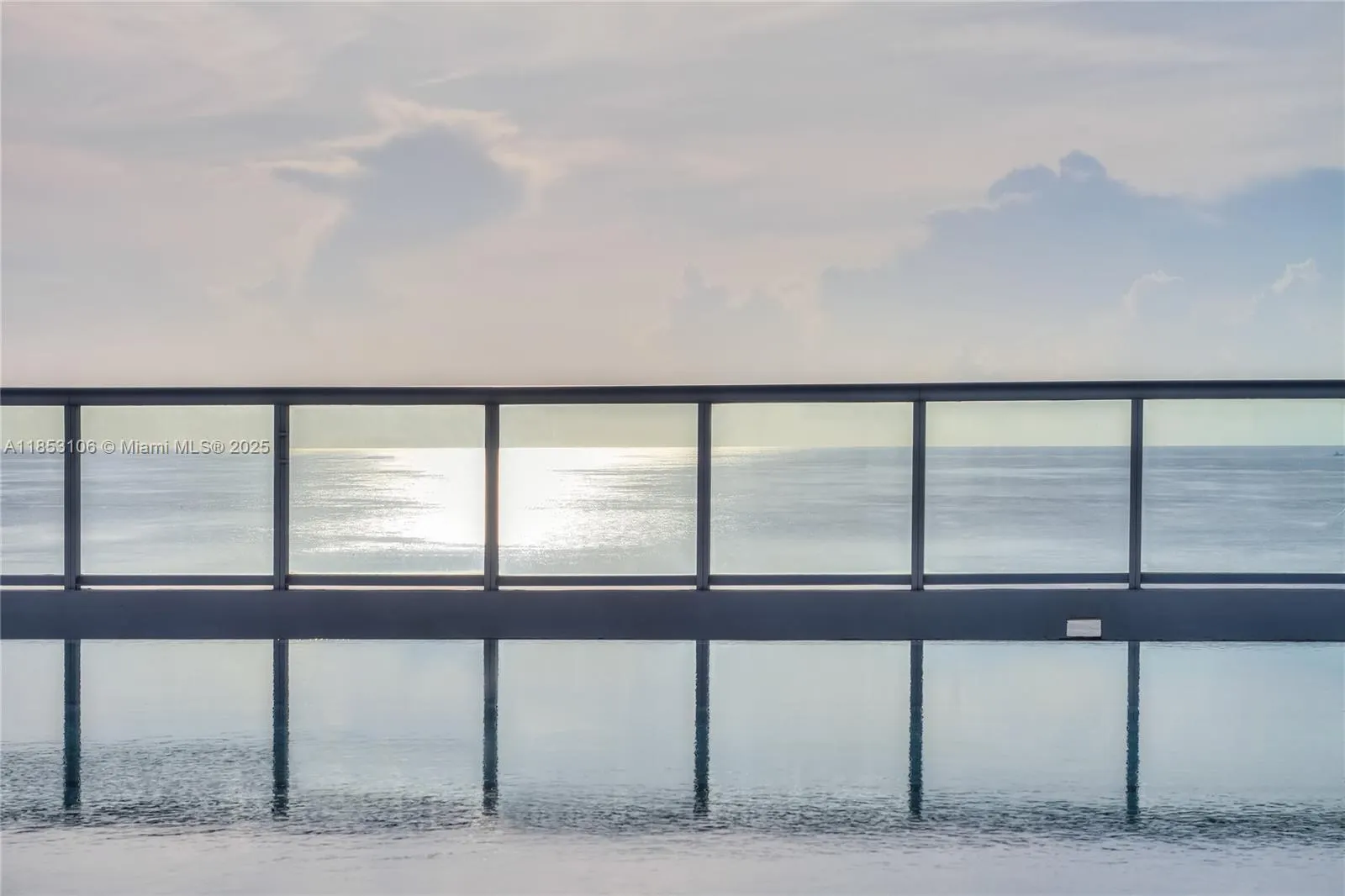 6801 Collins Ave, #1110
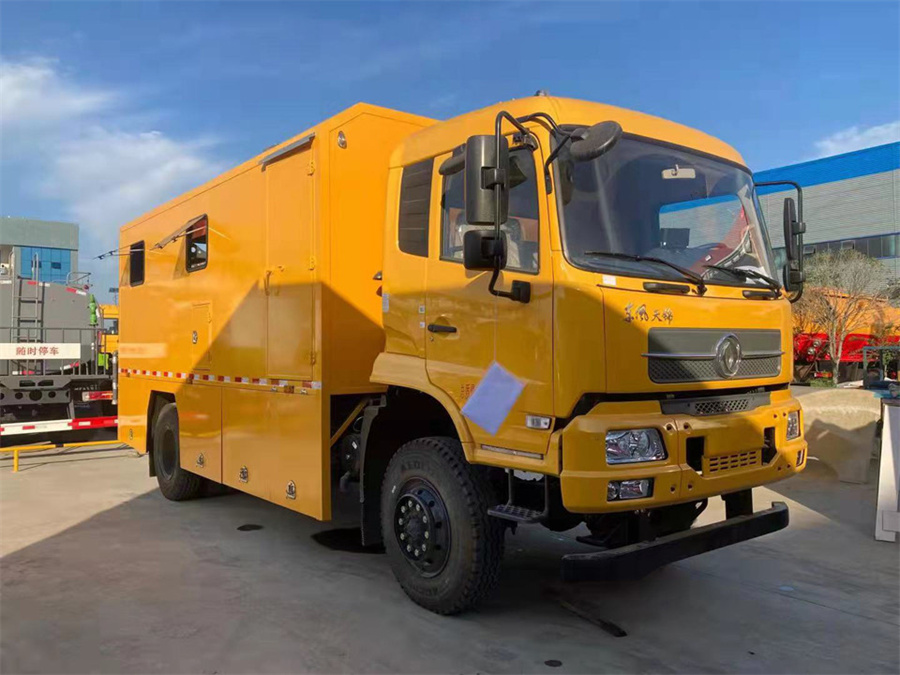 東風(fēng)四驅(qū)自行式炊事車 東風(fēng)四驅(qū)自行式炊事車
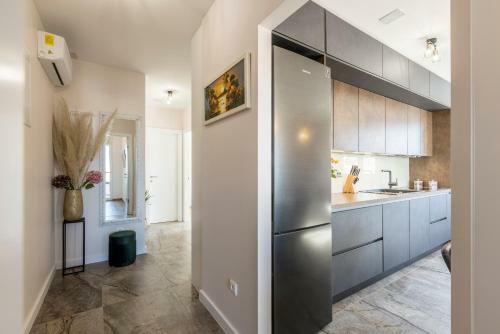 Peaceful Harmony Apartment Near Beach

^^^^

▶ [What to do]: No pictures, please. Output the listing above exactly as it stands.

▶ [Solution to this exercise]:
 6801 Collins Ave, #1110
 東風(fēng)四驅(qū)自行式炊事車 東風(fēng)四驅(qū)自行式炊事車
 Peaceful Harmony Apartment Near Beach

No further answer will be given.